A Docker-powered service for extracting text from PDF documents
This project aims to extract text from PDF files using the outputs generated by the pdf-document-layout-analysis service. By leveraging the segmentation and classification capabilities of the underlying analysis tool, this project automates the process of text extraction from PDF files.
Start the service:
# With GPU support
make start
# Without GPU support [if you do not have a GPU on your system]
make start_no_gpu
Get all the text from a PDF:
curl -X POST -F 'file=@/PATH/TO/PDF/pdf_name.pdf' localhost:5060/text
To stop the server:
make stop
- Docker Desktop 4.25.0 install link
- 4 GB RAM memory
- 6 GB GPU memory (if not, it will run with CPU)
As we mentioned at the Quick Start, you can get all the text inside a PDF simply like this:
curl -X POST -F 'file=@/PATH/TO/PDF/pdf_name.pdf' localhost:5060/text
But you can also specify the types of the text which you want to extract like:
curl -X POST -F 'file=@/PATH/TO/PDF/pdf_name.pdf' localhost:5080 -F "types=text, title, section header, list item"

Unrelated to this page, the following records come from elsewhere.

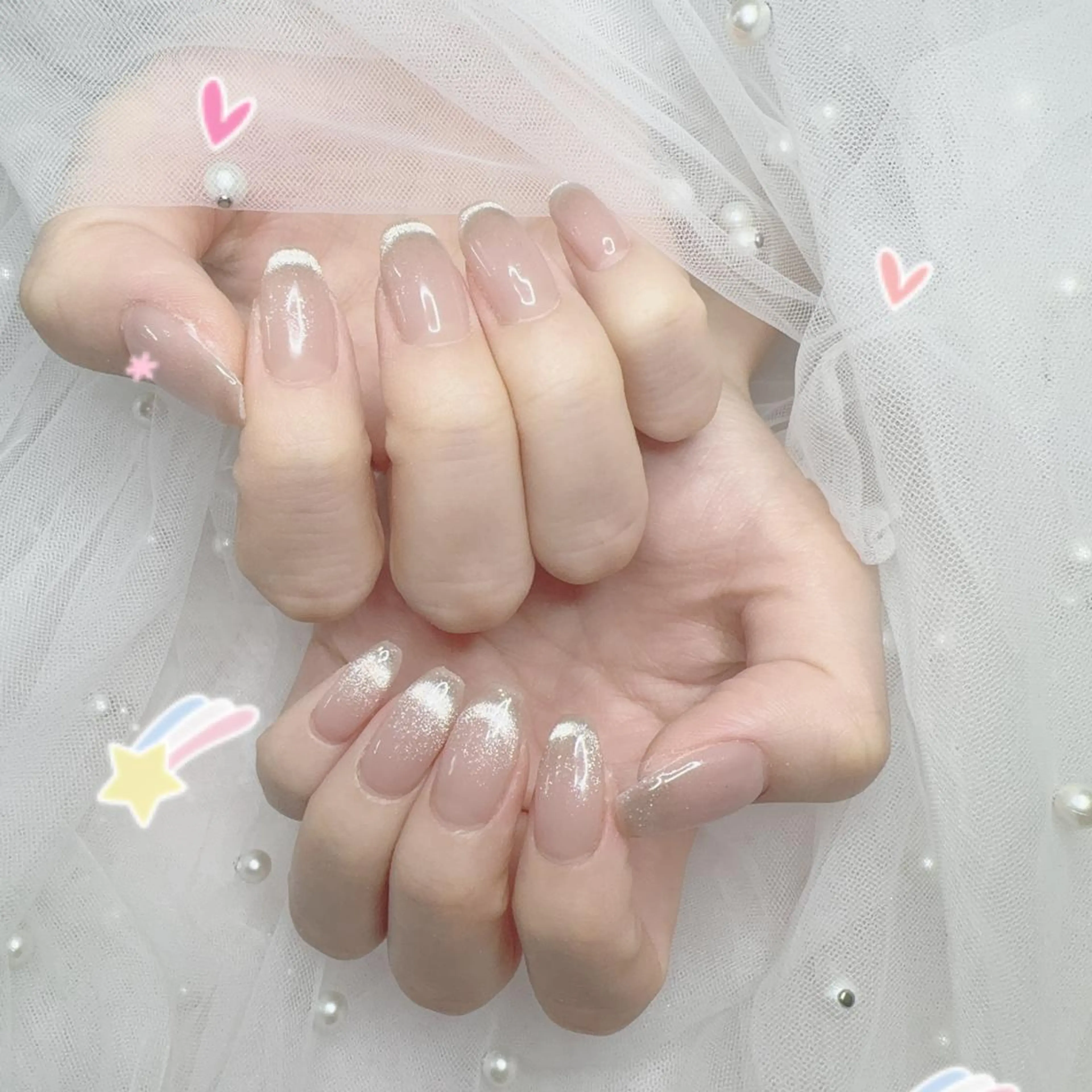ネイル nail ONE🤍のネイルデザイン
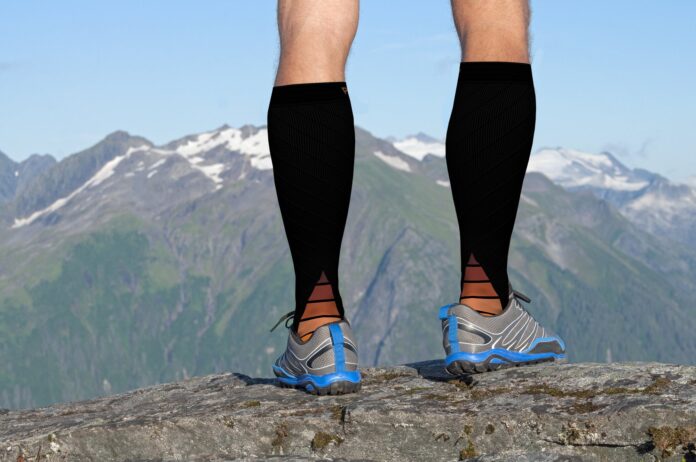 Physix Gear Sport Compression Socks for Men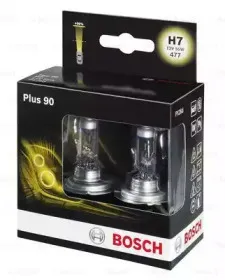 1987301075 BOSCH Лампа накаливания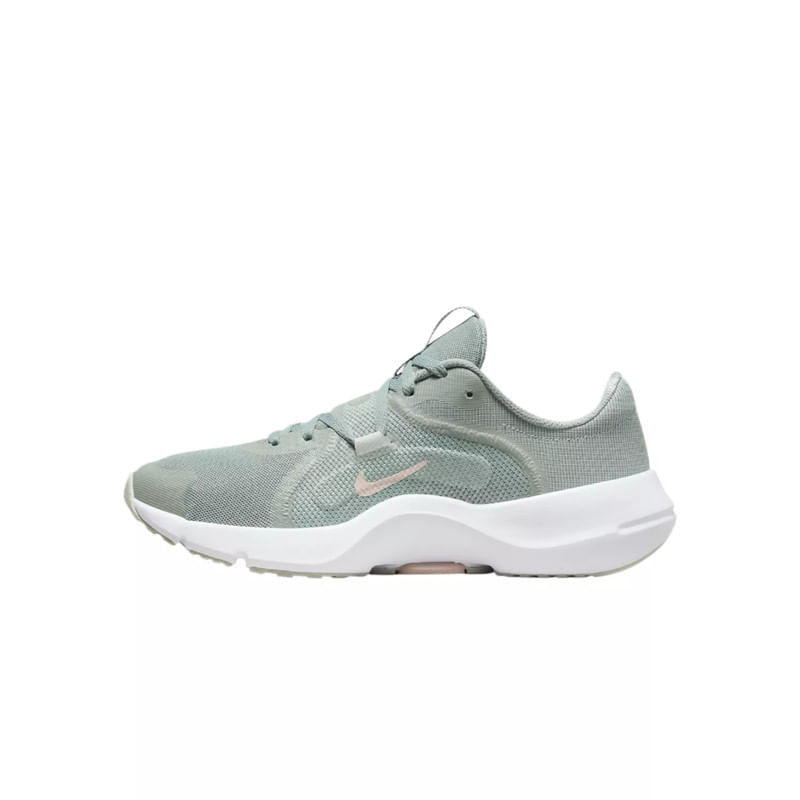 Tenis Nike Mujer In-Season Tr 13 Verde Rosa DV3975-300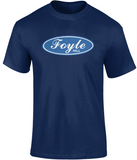 Foyle Hill Tee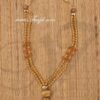 10" Small Deity Statue Beads Necklace Maala Buy Now
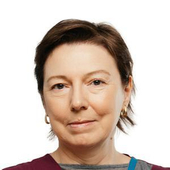 Фабер Лариса Евгеньевна, неонатолог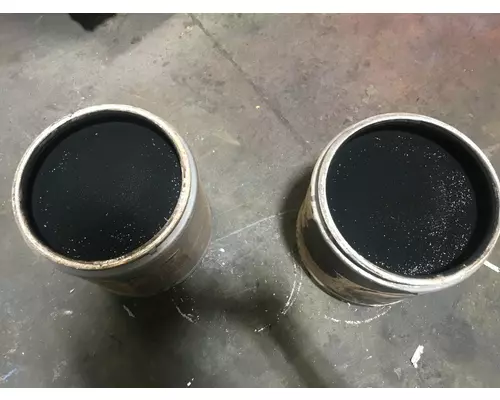 Detroit DD15 Exhaust DPF Assembly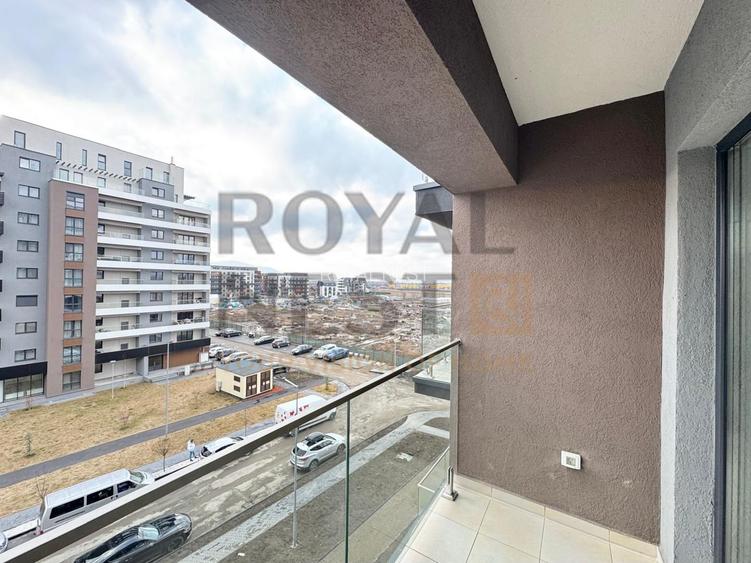 COMISION 0! Apartament cu 3 camere NOU in Avantgarden 3 - 20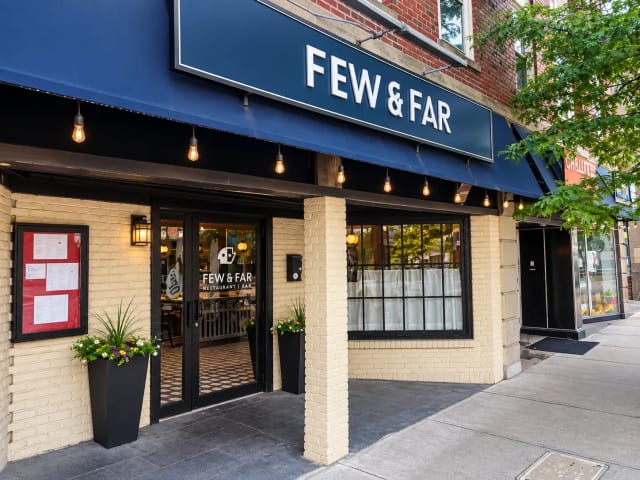 Few & Far Restaurant & Bar photo 2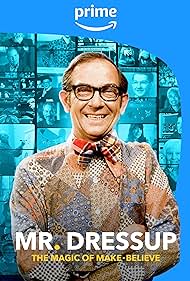 Watch Full Movie :Mr Dressup The Magic of Make Believe (2023)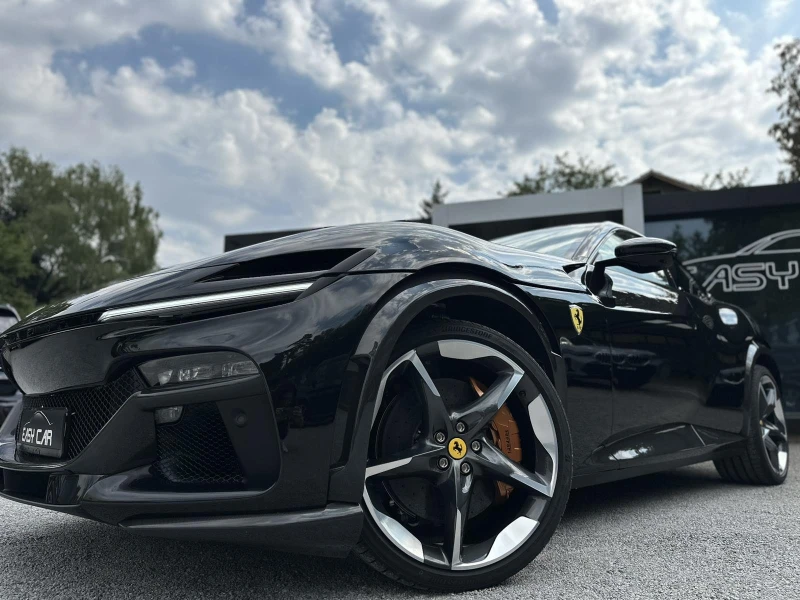 Ferrari Purosangue NEW/PANO/CAMERA/CARBON FULL, снимка 2 - Автомобили и джипове - 51178086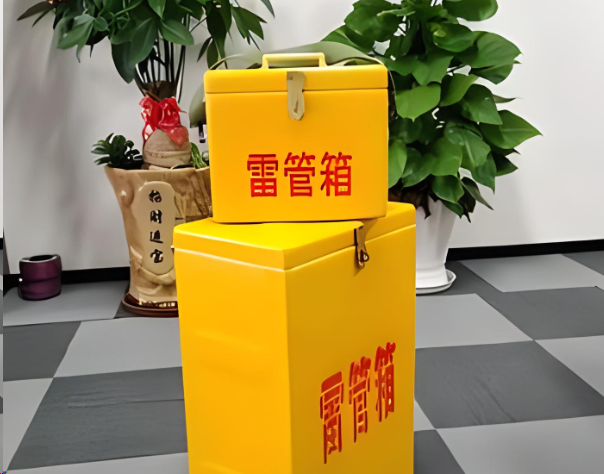 和政炸药箱雷管箱在运输过程中的注意事项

These are the types you can pass:
"Caption"
"Footnote"
"Formula"
"List item"
"Page footer"
"Page header"
"Picture"
"Section header"
"Table"
"Text"
"Title"
Also, if you want to get the results faster (but with slightly worse performance) you can run this command:,
curl -X POST -F 'file=@/PATH/TO/PDF/pdf_name.pdf' localhost:5060/text -F "fast=true"
For more information about models and this fast method, check this link.
And to stop the server, you can simply use this:
make stop